What the task asks: Repeat the data in full and exactly. Leave the pictures out.

Recorded data:
---+---

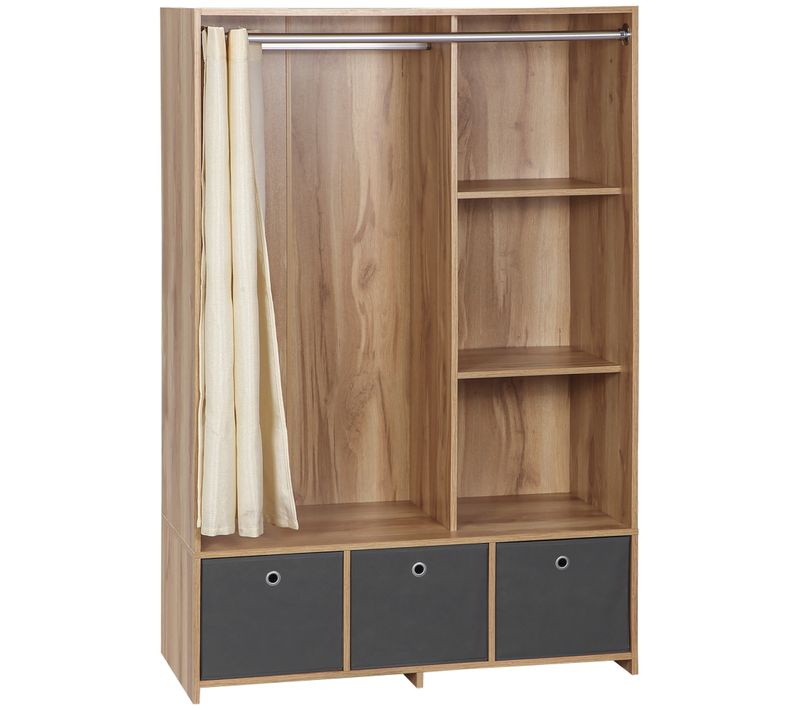 Vestiaire D'entrée Avec Barre De Penderie 3 Niches 3 Tiroirs Et Rideau Tissu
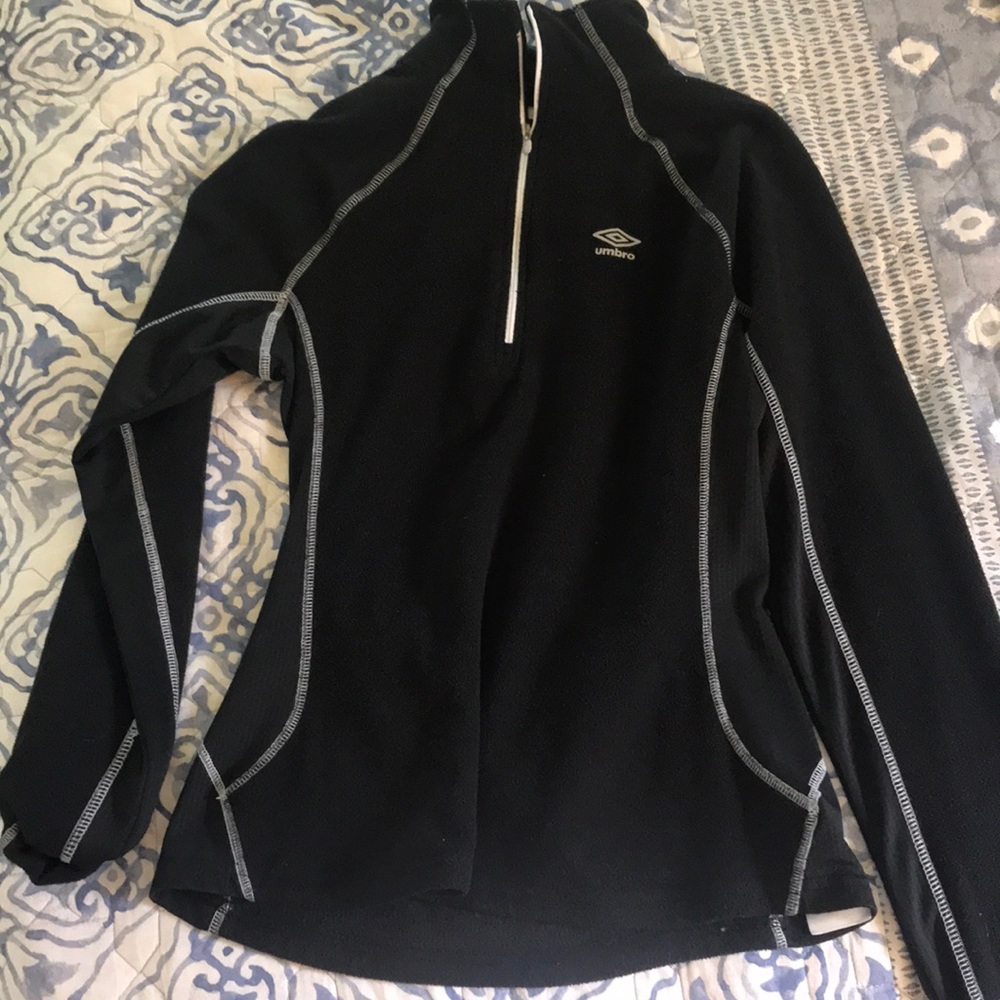 umbro black fuzzy jacket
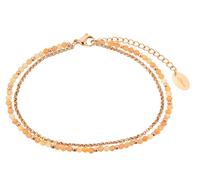 s.Oliver Damen Fußkettchen 2037980 Glassteine apricot Edelstahl rosegold IP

---+---

Completed task:
 Vestiaire D'entrée Avec Barre De Penderie 3 Niches 3 Tiroirs Et Rideau Tissu
 umbro black fuzzy jacket
 s.Oliver Damen Fußkettchen 2037980 Glassteine apricot Edelstahl rosegold IP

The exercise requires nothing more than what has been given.